How to Trade Profitably

Trade profitably with money management

I like to show people how to trade profitably.

Many years ago I travelled around Australia running a seminar showing people how to manage their risk appropriately. The videos for this seminar are titled The Profitable Trader and are available here.

In the seminar I suggest that the 2% rule is not appropriate for everybody.

You know the 2% rule; you risk no more than 2% of your capital on any one trade? But, if you have a strategy that has a win rate of 50% then mathematically at some stage you will have sixteen loses in a row. If you’re risking 2% per trade, and have sixteen loses in a row then your drawdown is going to be around 30% at some stage. If you can only handle a maximum drawdown of 10% then you should not be trading using 2%.

Risk is a function of how much pain you can withstand in order to keep trading a strategy over the long term. If you can’t deal with the bumps along the way then you’re never going to stick to the strategy and meet your trading goals.

When we start trading we don’t believe there’s going to be losing trades in a row, sometimes fifteen losing trades in a row. No one says you’re actually going to, at some point, lose 15% of your capital. When the journey is plotted out for us, which is what I do for people, some people then aren’t happy. And that’s fine. Trading isn’t for them.

A lot of people come into this game, without understanding what lies ahead. Then when they hit the first speed bump, they get scared and start looking for answers. They throw in the towel, throw the strategy away, and look for a better strategy. Obviously when they get to that second strategy the same thing happens.

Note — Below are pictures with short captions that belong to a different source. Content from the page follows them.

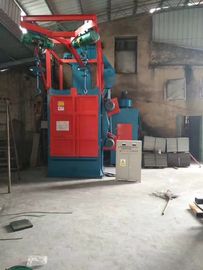 Overhead Rail Hook Shot Blasting Machine High Efficiency For Oil Tank Propane Tank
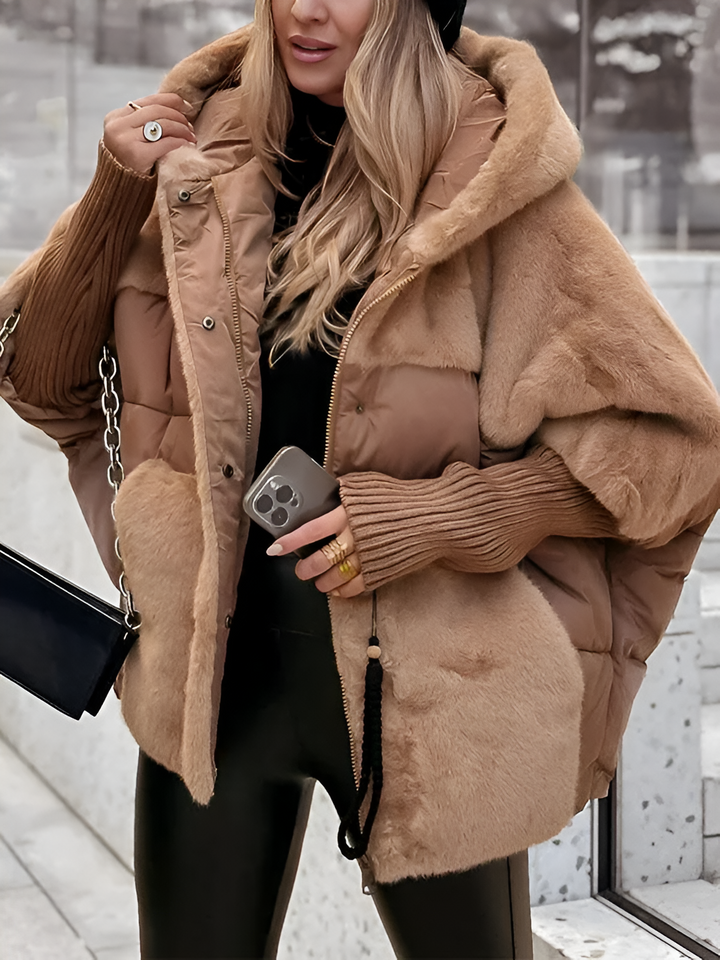 Women's Oversized Quilted Jacket | Warm & Windproof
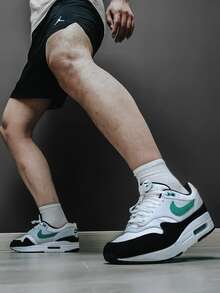 Giày Nike Air Max 1 "Stadium Green" - Giày thể thao cổ thấp bền bỉ dành cho nam (Trắng, Đen, Xanh lá) - Trắng đen xanh lá cây - Xem 6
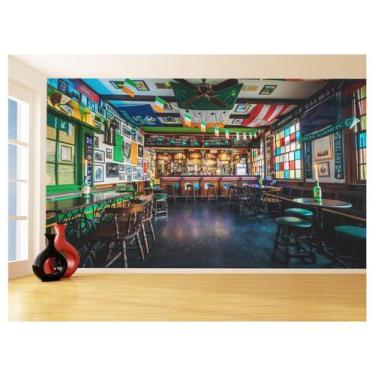 Imagem de Papel De Parede 3D Alimentos Bar Adega Bebidas 3,5M Al545 - Você Decor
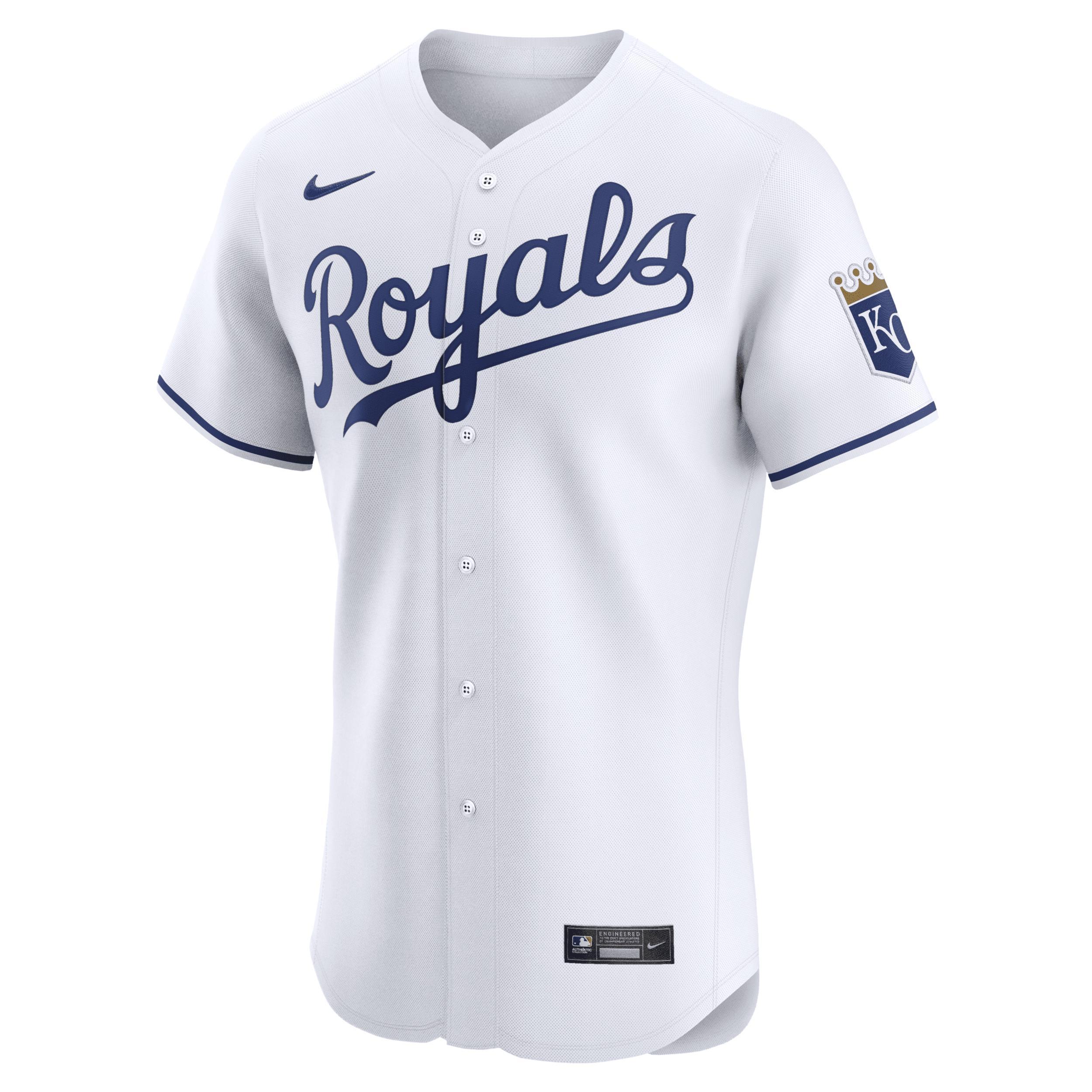 Nike Mens White Kansas City Royals Home Elite Jersey - White Product Image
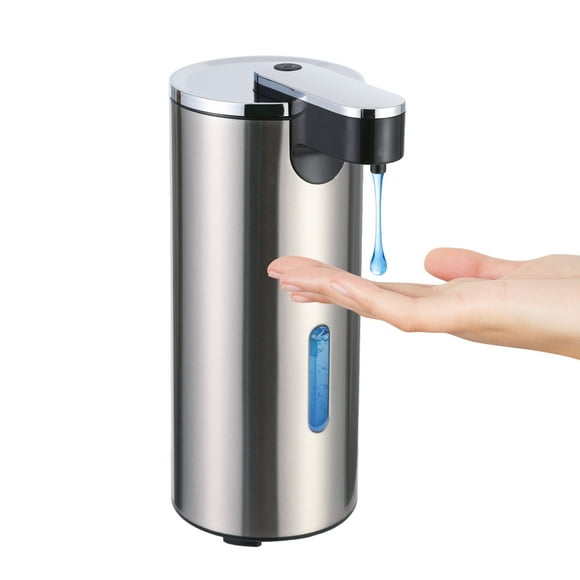 Automatic Soap Dispenser, Automatic Soap Dispenser Touchless, Kitchen & Bathroom, 3 Adjustable Volume for Liquid Soap, Water-Resistant, Hotel, Restaurant and School, Clog-Free, Stainless Steel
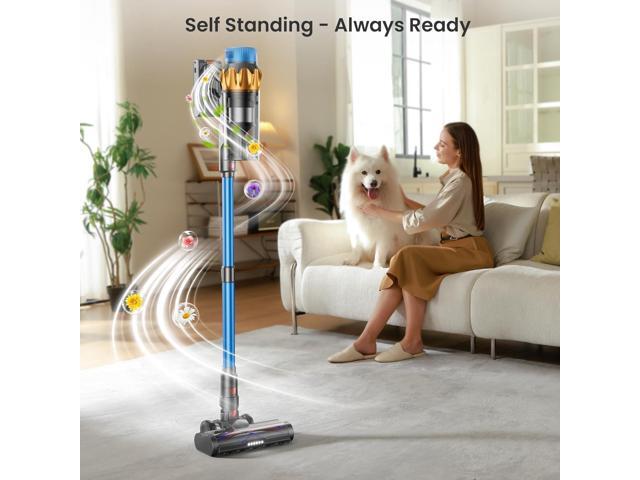 Cordless Vacuum Cleaner, 580W 48KPA 70Mins Vacuum Cleaners for Home, Self-standing Stick Vacuum with Aromatherapy, Anti-Tangle Brush, Wall Mount...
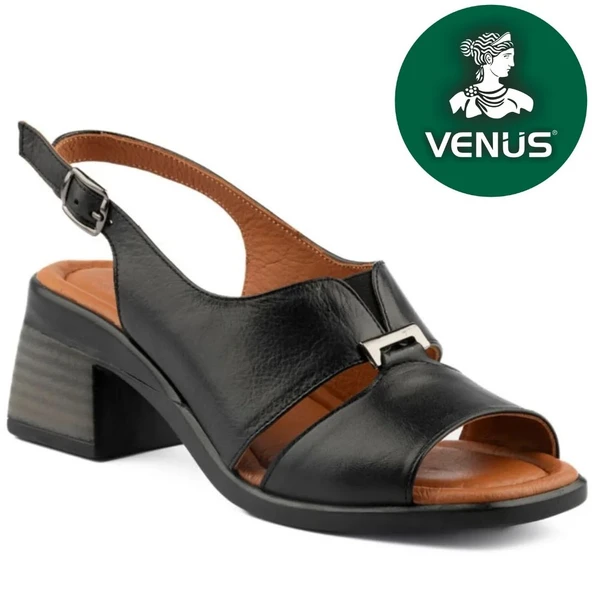 Venüs Lota Hakiki Deri Comfort Ortopedik Kadın Sandalet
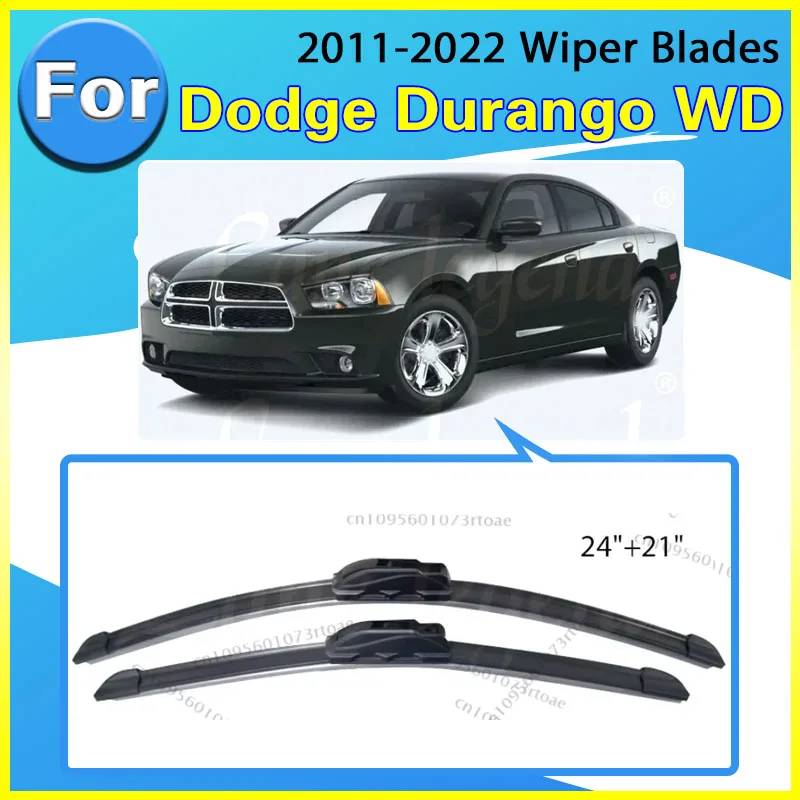 

Front Wipers Blades For Dodge Durango WD 2011 - 2022 SRT Windshield Windscreen Accessories Window Silicone Original 2021 2020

So it’s important for people to understand that risk is part of the journey.

There’s nothing wrong with risk. I think Liz Cheval summed it up: The volatility of your account is not about risk. It’s just about travelling the journey, and you’ve got to be able to do that.

Obviously, there’s different degrees of volatility. I think the average person can probably handle a 20% drawdown. Once you go beyond 20% it becomes more difficult. But then you’ve got someone like Bill Dunn who’s been through a 60% drawdown.

I say to people, that at some stage you’re going to have a 20% drawdown. And if they say, “That’s not acceptable” I remind them that they’ve been a buy and hold investor and suffered a 50% drawdown (2008). 20% sounds better, doesn’t it?

When a person gives money to a fund manager they stop taking responsibility for their losses. There’s a disconnection. But when someone trades for themselves, they take responsibility for their losses. I have people who come to me, do their own trading, follow my instructions and have a 20% drawdown and are not happy. Yet, by the same token they can put their money into a mutual fund and are down 50% and live through it. Go figure.

Are you prepared to lose 50% of your capital to make 10% return? I guarantee, if we ask two hundred people that question, you’re going to get two hundred people saying “absolutely not, that’s not acceptable.” Yet, out of those two hundred people, how many of them would actually take responsibility, take action, do something better for themselves? Not many. The majority of people will stick with what they’re doing, in the hope that it will come back. “I’ll just wait for this to come good.” Well, it’s been five years since it was good. How much longer do you wait?

Liz Cheval had an annualized return of 22% over the last twenty-five years. And I say to people, “Tell me what you think a 22% annualized return for thirty years looks like?” And they visualise a perfect 45-degree linear equity curve.

Then I show them the month by month track record of someone like Liz Cheval, and they can’t believe that she had five losing years. Liz Cheval stood up to the plate every day, places orders, manages orders, every day and every week, every month, every year, for twenty-five years. She stood up to the plate because she knew she had an edge. She understood that over time, she couldn’t lose. All she had to do was keep placing the orders and ride the journey.

So when people understand that someone like Liz Cheval, who had been doing this for twenty-five years, and had a 22% annualized return for that period of time –actually has a losing year, let alone three losing months, then hopefully they understand that this is part of the journey.